Avec notre correspondante à Washington, Anne-Marie Capomaccio
La CIA n’a pas dit la vérité à la Maison Blanche, non seulement au moment où les pratiques étaient en cours dans les prisons secrètes, mais aussi pendant l’enquête du Sénat. La sénatrice Feinstein, présidente de la commission du Renseignement, qui a dévoilé ce rapport (en anglais), a donné des détails et des dates. Elle a longuement expliqué l’obstruction de l’Agence qui a tout fait pour empêcher la publication de cet audit. Le président Bush n’a pas été mis au courant de tout ce qui s’est passé, a déclaré l’élue de Californie. Sur ce point, elle est formelle.
« Les interrogatoires de la CIA étaient bien pires que ce qu'elle a reconnu », précise le rapport du Sénat.
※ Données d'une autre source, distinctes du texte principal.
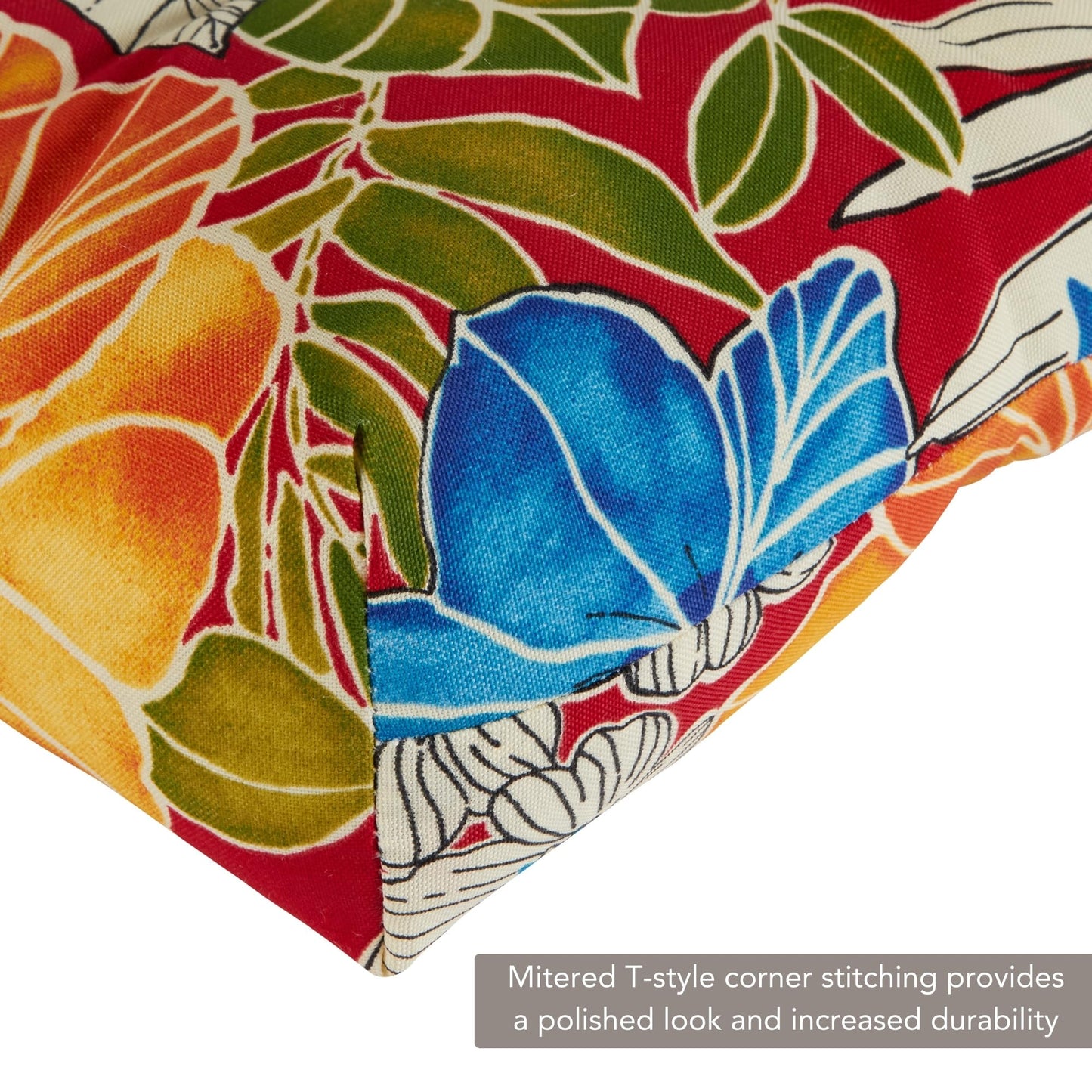 Greendale Home Fashions Outdoor 44x22-inch High Back Chair Cushions (Set of 2), Aloha Crimson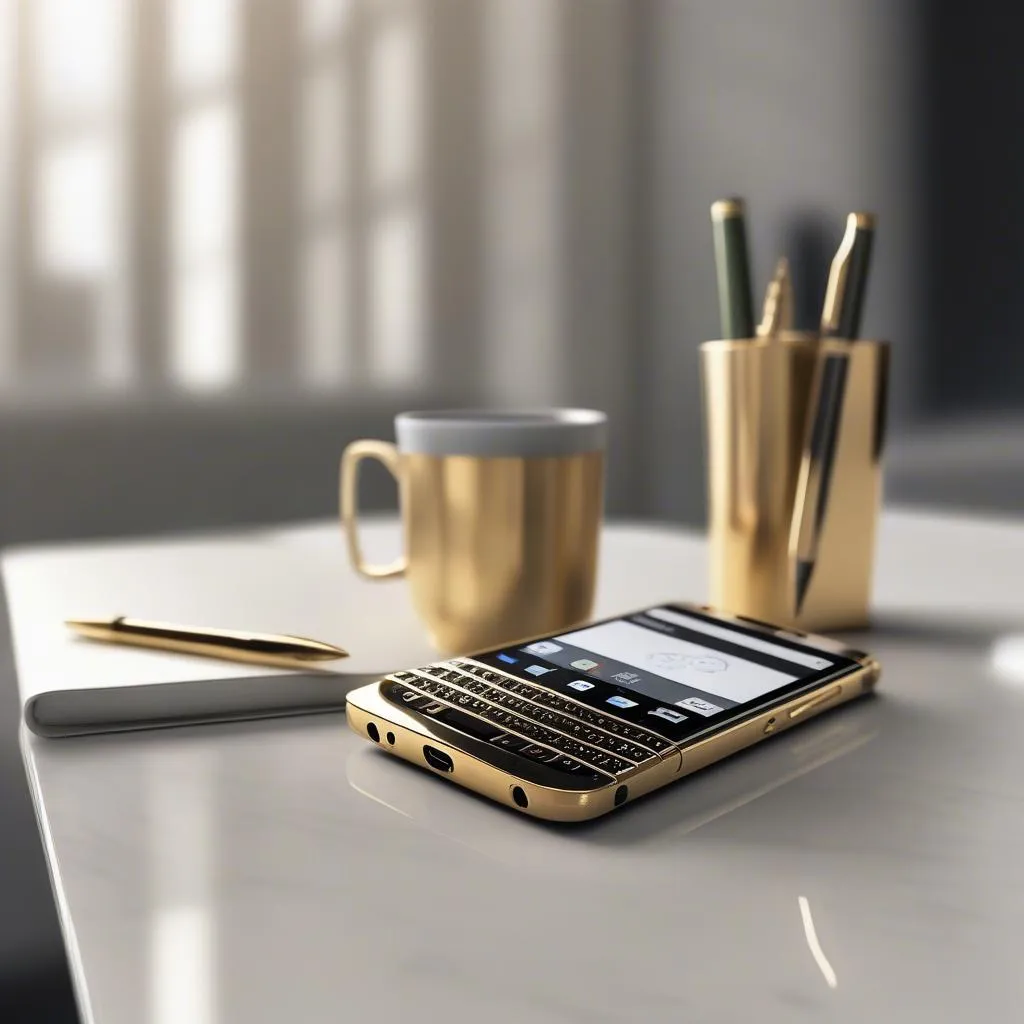 BlackBerry KeyOne vàng đồng trên bàn làm việc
Ce document révèle et détaille les pratiques employées dans les prisons secrètes de l'agence : des simulacres de noyade ou d’exécution, des emprisonnements dans le froid sans pouvoir bouger... Les agents qui ont pratiqué ces tortures ne sont pas cités. Les pays non plus. Mais la Pologne, la Roumanie ou encore la Thaïlande sont soupçonnées d’avoir abrité ces centres de détention très particuliers. Le rapport détaille 19 cas précis, notamment celui de Khalid Sheikh Mohammed, soupçonné d’appartenir à la haute hiérarchie d’al-Qaïda, et qui d’après un ancien agent du FBI, aurait été soumis 183 fois à des simulacres de noyade.
Des tortures inutiles
La polémique sur la diffusion de ce rapport alimente tous les commentaires à Washington, notamment la question des renseignements obtenus par la torture. D’après cet audit, non seulement ces pratiques n’ont pas conduit à la capture d’Oussama ben Laden, mais elles auraient mis l’agence sur de fausses pistes. « Même si l’on écarte les considérations morales, ces pratiques dégradantes ont été inutiles, a affirmé Dianne Feinstein. Elles n’ont fait que salir la réputation des États-Unis. Notre pays doit faire face à ses responsabilités afin que cela ne se reproduise jamais ». La thèse de ces méthodes inutiles n’est pas admise par les responsables de l’agence à l’époque, et par les anciens responsables politiques, comme George Bush ou Dick Cheney.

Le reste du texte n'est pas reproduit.